I’m sorry for your hurt feelings but I think you need to take the bride at her word: it sounds like she told you herself that the shower is a minor detail that doesn’t mean much to her. Speaking from experience, some brides just don’t care about their showers, especially when their overbearing mother in laws have completely taken them over and there’s no way to get them back.
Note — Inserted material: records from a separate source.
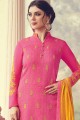 Jacquard Straight Pant Suit in Pink with Georgette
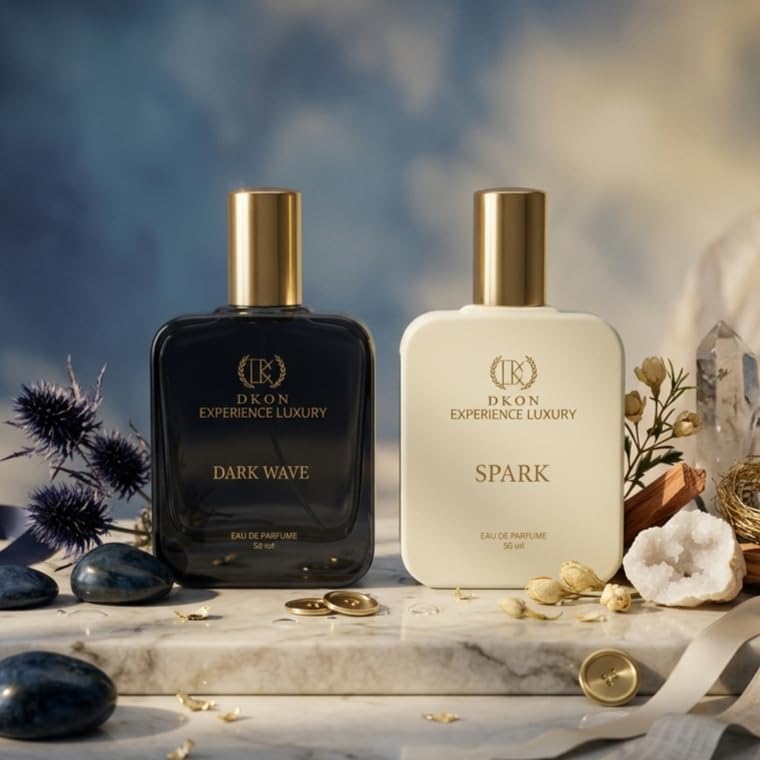 Image of DKON Dark Wave Spark Long Lasting Perfume Combo for Men Women | Premium Luxury Eau De Parfum | Strong Fresh Fragrance | 50ml 50ml Combo | Ideal Gift Set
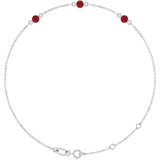 Sterling Silver Lab-Grown Ruby 6 1/2-7 1/2" Bracelet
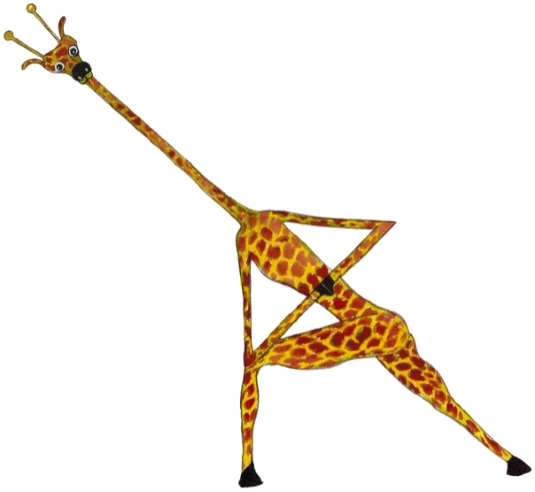 Yoga Giraffe Kinderyoga. Giraffe die Yoga macht.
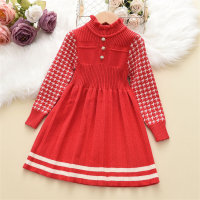 Kid Girl Ruffled Collar Knitted Dress with Houndstooth Sleeves  Red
It’s your job as her Maid/Matron of Honor to make this time easier for her, not more difficult. If you’re looking for a reaffirmation of your friendship then I suggest you take the bride out to coffee and tell her that you’re so sorry you won’t be able to make her shower and express how much your friendship means to you. Tell her you feel like you’re missing out on an important part of your Maid/Matron of Honor duties and an important event in your friendship. Then see what she says. Bottom line is that if she can’t move the shower she can’t move the shower, and her future mother in law will be family for the rest. Of. Her. Life. Sometimes a girls gotta do what a girls gotta do, and I bet she would appreciate your support.


Post # 9
1860 posts
Buzzing bee
  • Wedding: June 2013

@musicalhaylo:  I feel like since the Mother-In-Law is offering to host the shower, it makes sense that she will choose a weekend that works for her to host as long as the bride doesn’t have a conflict. I know I wouldn’t feel ok ‘telling’ the people that were kind enough to offer to host a shower exactly when they should throw it. They all gave me some options and then I chose which one worked best for me. Honestly I didn’t really consider what might be going on for my bridesmaids, because I don’t want them to have to feel obligated to come to all of them. However – that being said – I will have FOUR showers before all is said and done, so chances are good that they will all make it to at least one (with the exception of one of my sisters that lives really far away).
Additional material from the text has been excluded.